Design of high nonlinear photonic crystal fiber for ultrashort pulse laser generation

Abstract This work demonstrates an optimal design for photonic crystal fiber (PCF) as a saturable absorber with high nonlinearity and low confinement losses. Using COMSOL Multiphysics 6.1 as simulation software, the propagation characteristics of the proposed PCF in terms of effective refractive index, effective mode area, chromatic dispersion, confinement loss, and nonlinearity were successfully simulated and examined in detail. A Finite Element Method (FEM) combined with a Perfectly Matched Layer (PML) absorbing boundary condition was applied to evaluate the PCF structure across a broad wavelength range from 1,000 nm to 2,000 nm. The proposed PCF features five concentric rings of air-filled holes symmetrically arranged in a hexagonal structure, with the silica core doped with a uniform level of concentration of 10 % mol of germanium (Ge). Simulation results indicate a remarkably low confinement loss at a wavelength of 1,550 nm, specifically on the order of 5 × 10 −7 (dB/m).

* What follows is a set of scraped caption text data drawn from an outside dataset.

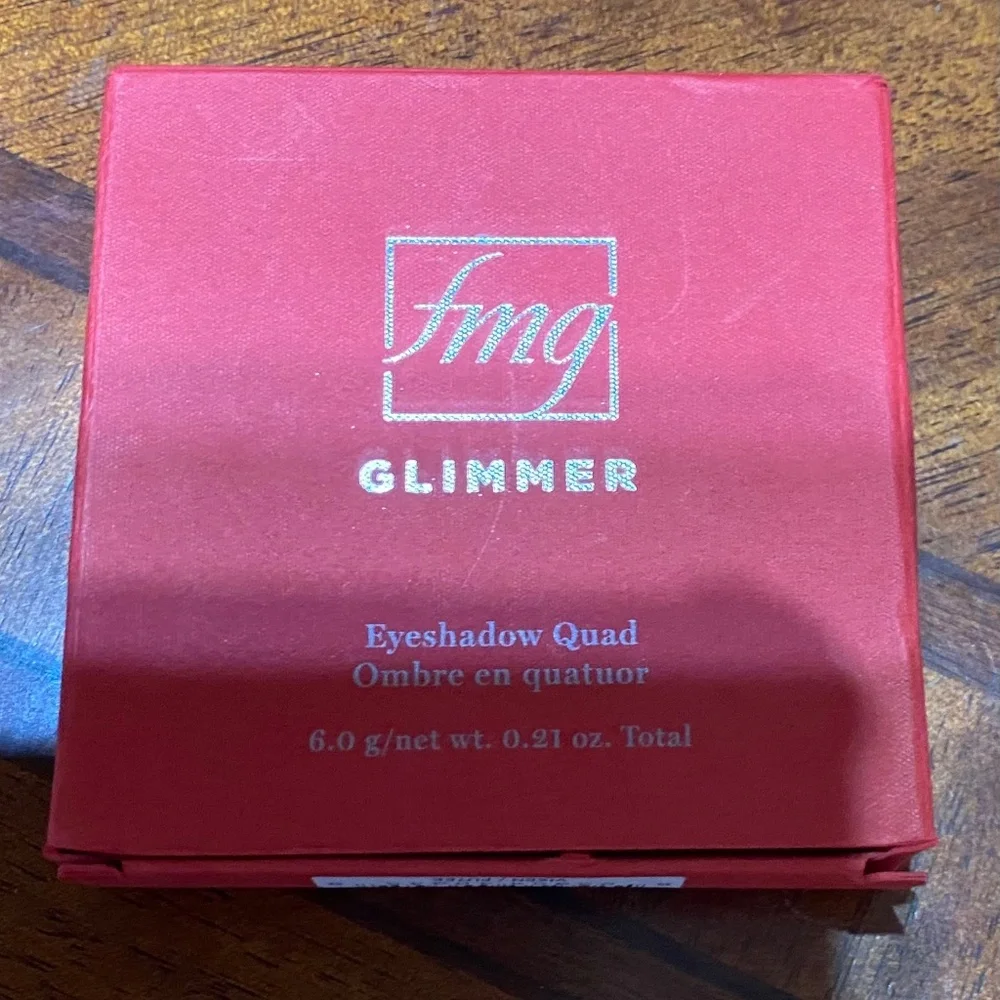 AVON fmg GLIMMER Multi Eyeshadow Quad VIXEN 3 Shimmer and 1 Matte
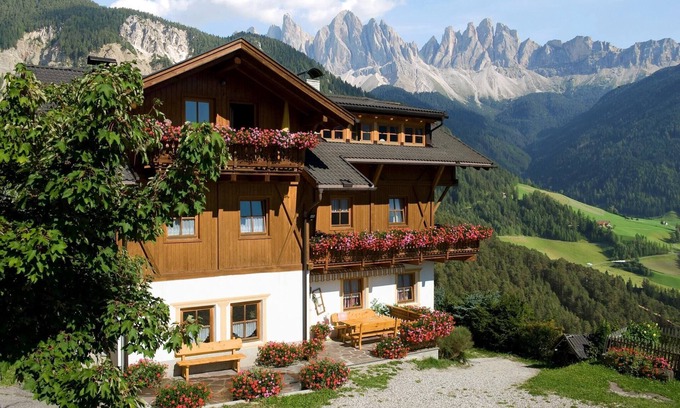 Funes Apartment | Farmhouse in Funes Valley with Dolomite Views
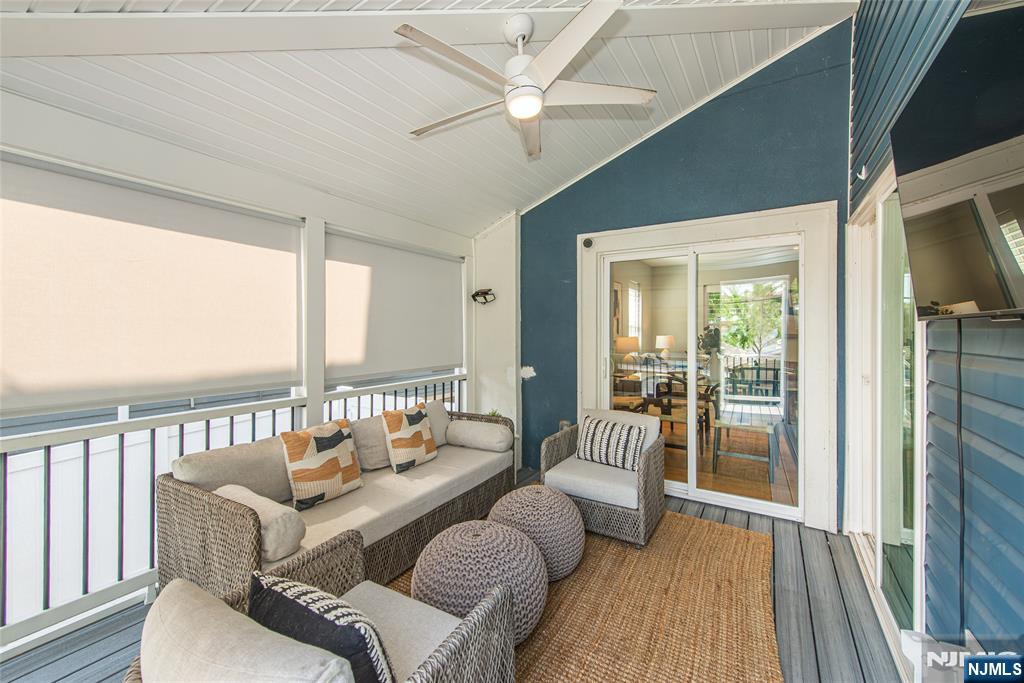 property viewer photo 15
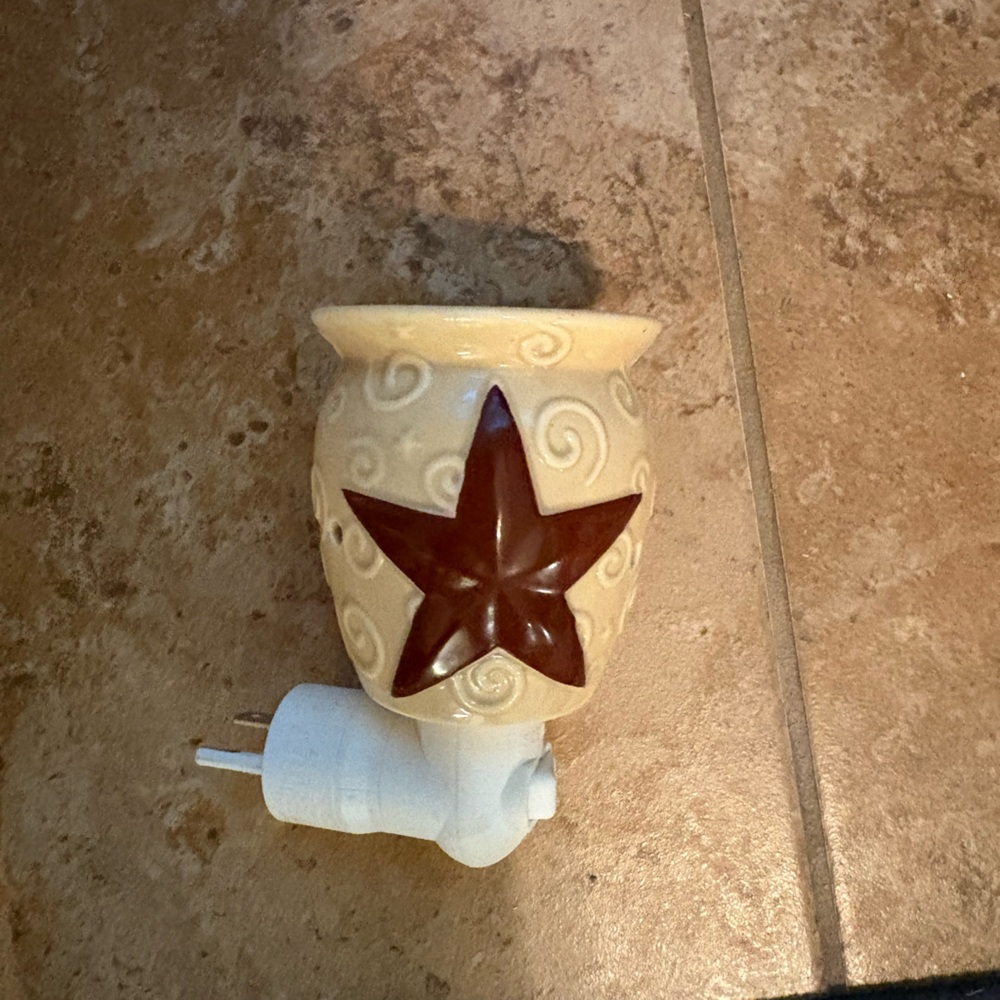 Scentsy Cream and Brown Star Wall Plug-In Wax Warmer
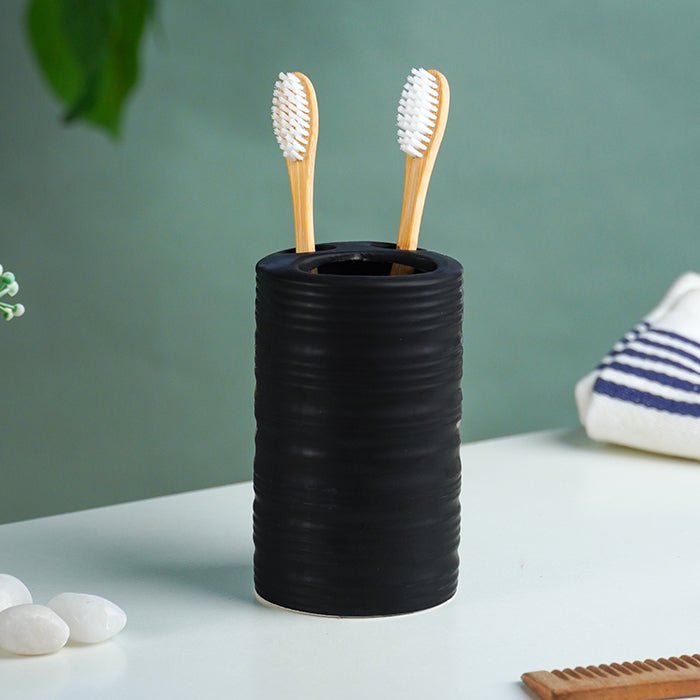 Matte Black Ceramic Bathroom Set of 4 - The Golden Theory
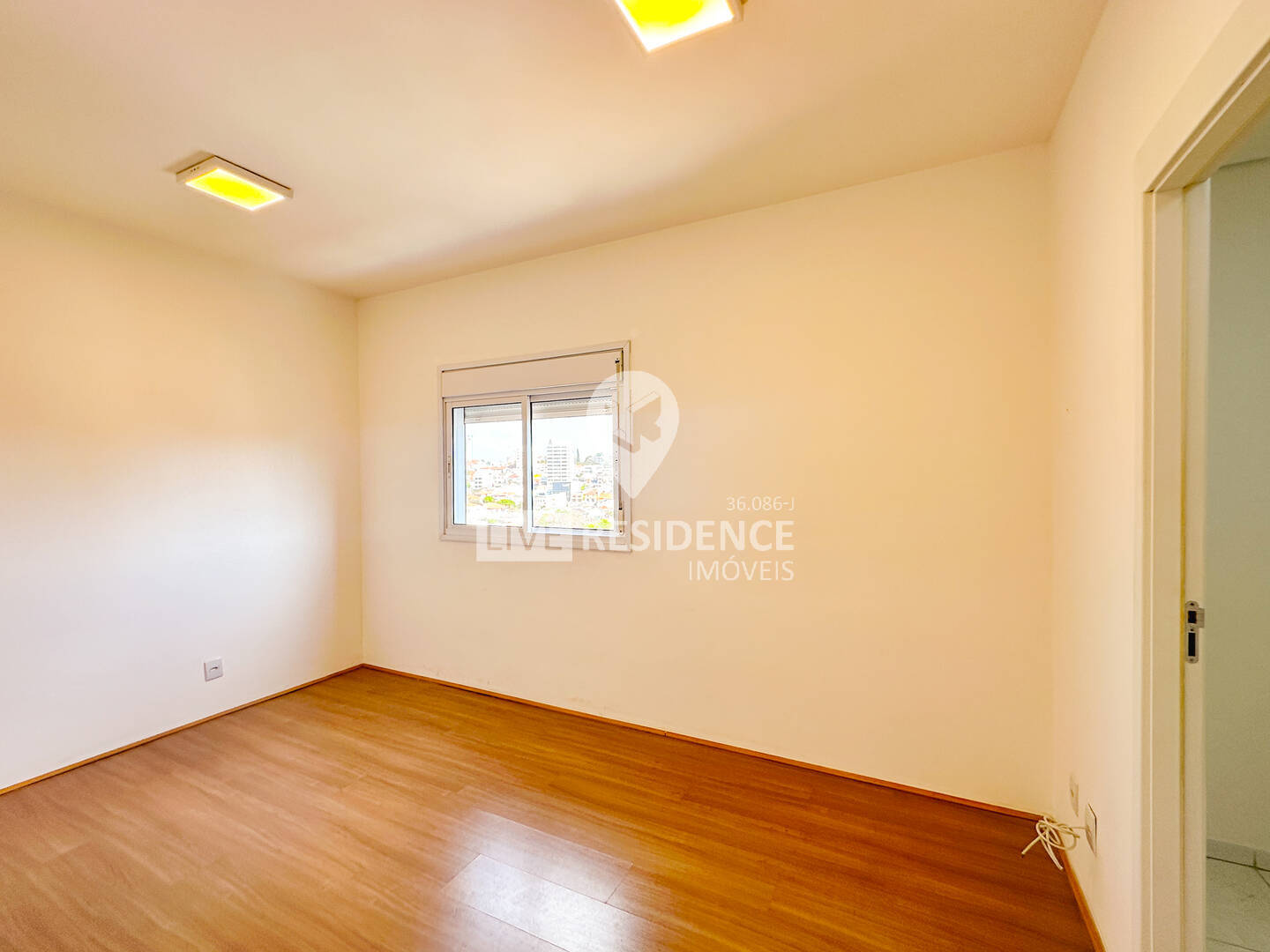 Apartamento à venda com 2 quartos, 63m² - Foto 9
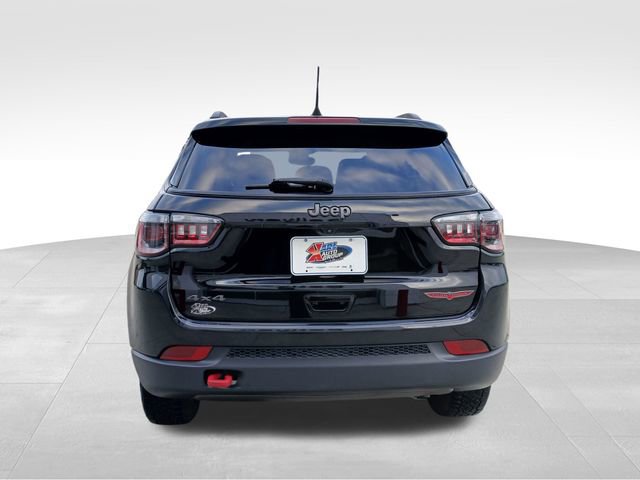Used 2022 Jeep Compass Trailhawk image 4
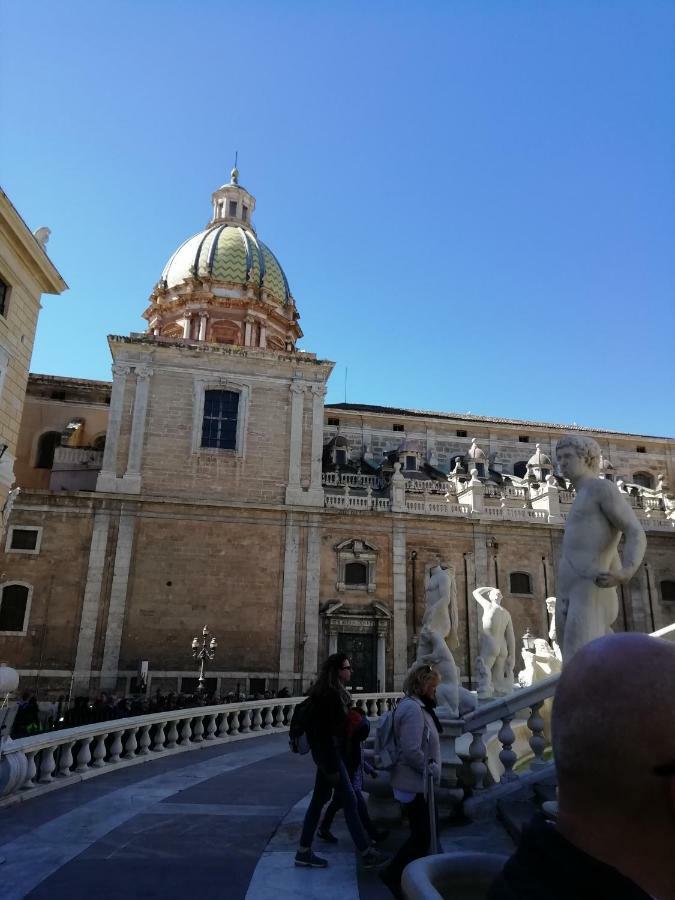 Casa Claudia Hotell Palermo Eksteriør bilde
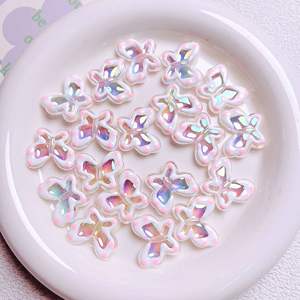 Nouveauté perles de papillon peintes à la main en vrac, accessoires Lucite en plastique acrylique mignon coloré pour chaînes de téléphone portable DIY - Product Image 5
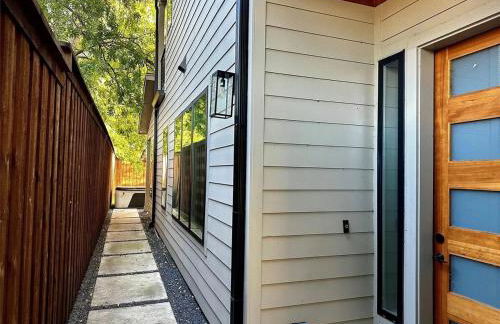 Spacious 4BR Home, 2 min to Market Center DART, Near Uptown, Medical District, Oak Lawn - Foto 17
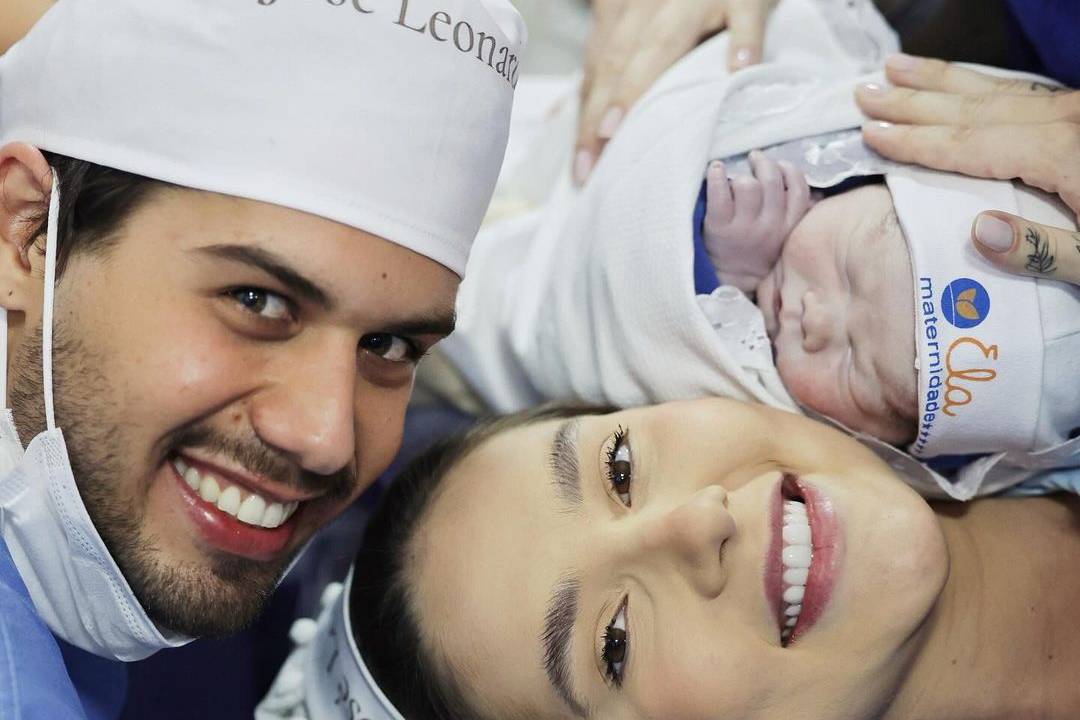Virginia conta com dois cirurgiões plásticos em seu parto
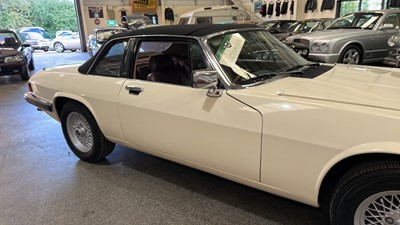 Lot 380 - 1986 JAGUAR XJ-SC V12 AUTO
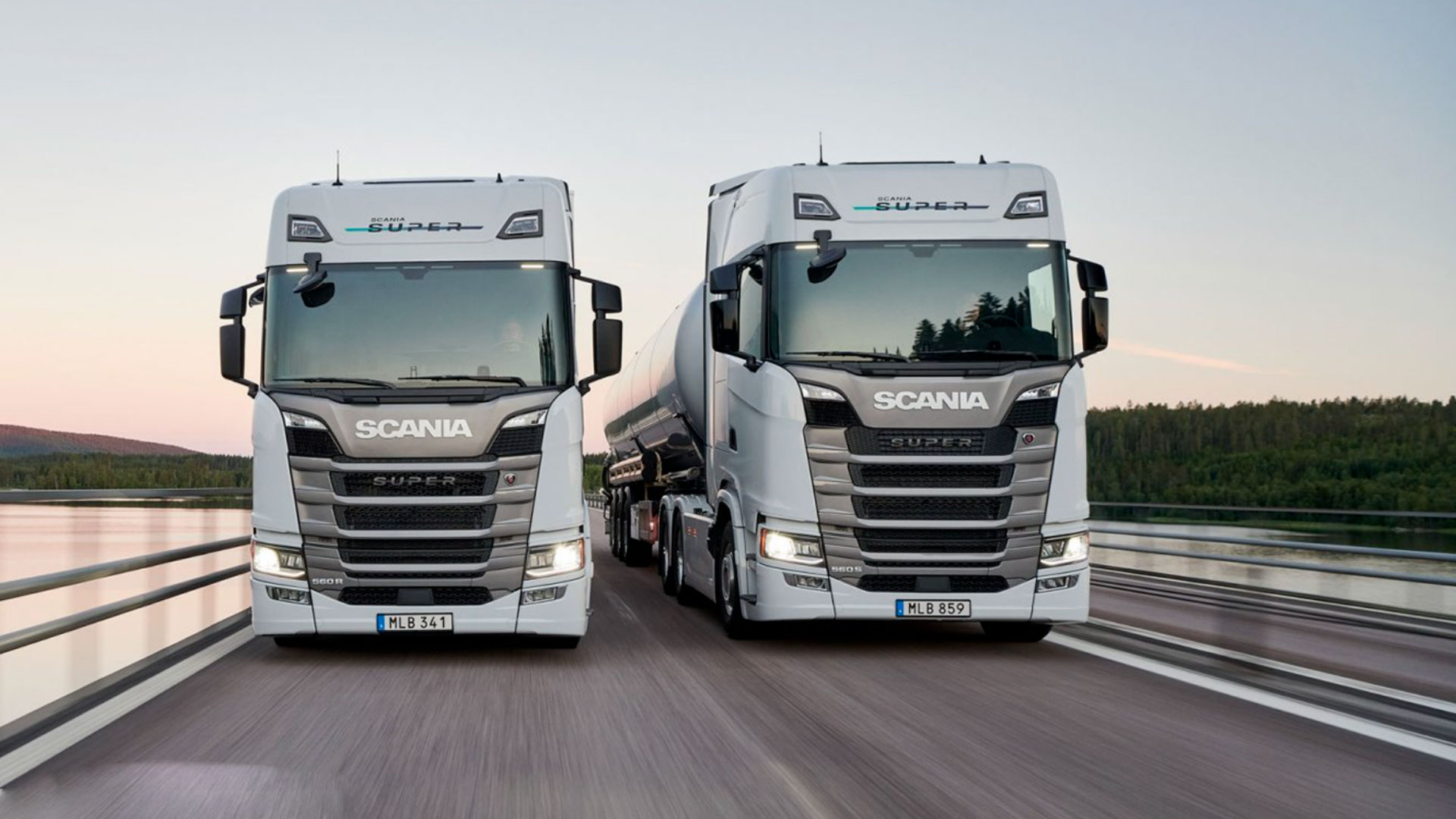 Tva Scanialastbilar Scania Komplett Med Nya SUPER Motorn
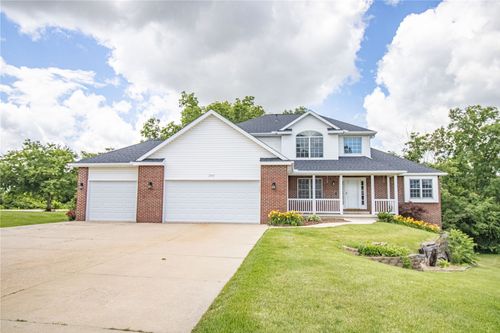 2050 Sky View Dr, Marion, IA, 52302-9312 | Card Image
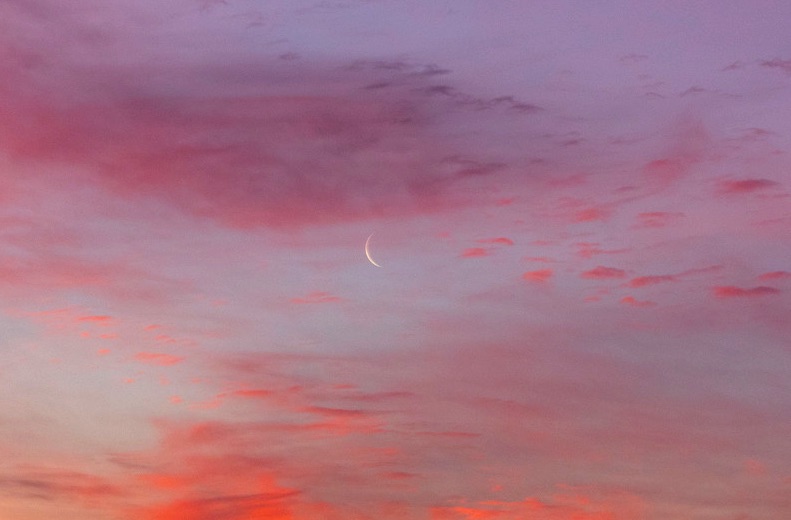 La Luna menguante captada al amanecer en Belleville, Ontario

Additionally, it reveals a high nonlinearity of 11.2 (1/W.Km) coupled with a simultaneously low negative chromatic dispersion of −14.2 (ps/nm.m). This makes it an excellent candidate for various applications involving advanced nonlinear optical systems. Such findings highlight the possibility of the proposed Ge-PCF as a promising saturable absorber for ultrashort pulse laser generation, offering a viable and practical alternative to traditional saturable absorbers in the mid-infrared region.